Despite high winds and hail the previous night, which broke windows and flattened fields on their farm, Linda and Bryce took time from chores to meet us outside the tiny town of Jennings. They took us on a tour of places Linda visits with her students for a class she calls “The Great Plains Experience.” We saw the now-vacant one-room school that children of Czech and German settlers attended through the eighth grade as well as cottonwood draws and upland sites where remains of mammoths have been unearthed. Most prized are remains found alongside stone tools, which some consider proof that the land has supported human habitation for at least ten millennia.
Bryce says, “Half the farmers in this county have mammoth teeth stashed in a box in the barn. What’s rare is to find them with clear signs of human life.”
“People didn’t leave a lot of signs,” Linda explains. “That’s a mark of sustainability—an efficient ecosystem.”
These are controversial matters. Not unlike the Boers of South Africa, some residents here prefer to believe the prairie wilderness was uninhabited when their ancestors arrived. Popular history, which my friends dispute, asserts that marauding bands of Cheyenne warriors invaded from the north to massacre peaceable white farmers. It’s a belief that’s used to dismiss native claims to the land throughout northwest Kansas.

2007 National Pow Wow, Grass Dancers, Washington, DC.
“In fact, they had always hunted here,” Linda says. “And there’s evidence of managed horticulture from before the days of the horse.

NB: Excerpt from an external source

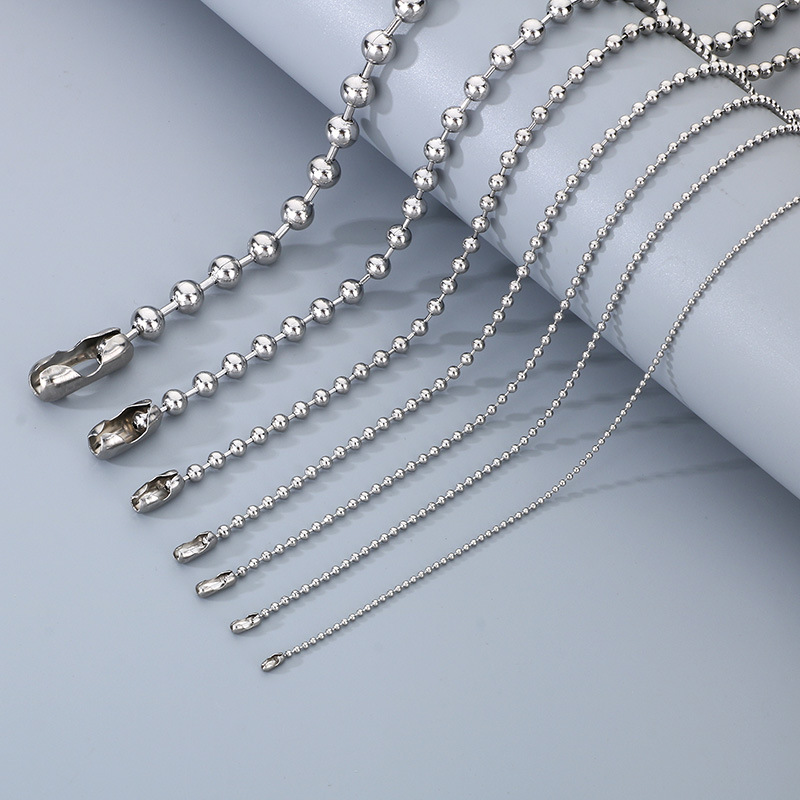 Minimalist Silver Stainless Steel Ball Chain Necklace For Men Women Unisex Basic Bead Chain Jewelry Accessory Multi Length Options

This land was sacred for a long time.”
She explains that members of her adoptive family make annual trips from Oklahoma to Bear Butte in South Dakota to maintain centuries-old rituals. “When the people come up this way, they sometimes stop for groceries or gas. They may need to find some local plants or special rocks. Or to see a particular place and take care of it personally. They don’t want locals to be afraid of them or hate them when they do these things.”

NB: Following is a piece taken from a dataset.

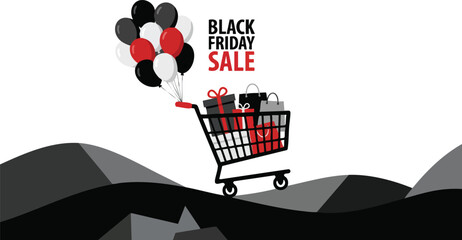 Black Friday sale banner with shopping cart and balloons © rama coloring studio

Linda shares these views with her students, some of whom find the Cheyenne-friendly perspective challenging.
“It’s the same with people who give you bad looks when you start raising buffalo,” Bryce says. He recently bought a pair of the animals at auction in Oklahoma. “Indians are supposed to be part of the distant past. But if the buffalo can start coming back, then you-know-who might not be far behind.”
Linda exclaims, “Whatever happened to Earth Day? What happened to civil rights?”
“People get distracted,” Jaak says. “They need reminding.”
In the course of our almost twelve-hour talk, Linda and Bryce also discussed midwifery, wood-burning stoves, biodynamic methods, and depletion of the Ogallala Aquifer. In fact, they talked like they would never shut up! Like they were starved for intellectual conversation, as Jaak said later.
I kept a low profile. Writing a dissertation on Russian literature or failing to publish a novel didn’t seem nearly so compelling as joining the Cheyenne Nation and advocating on the front lines of cultural conflict. But finally, as the evening wound on, I found a way to capture everyone’s attention, thanks to the charms of Memory Lane.
“Remember that time we danced in the wheat field?” I asked.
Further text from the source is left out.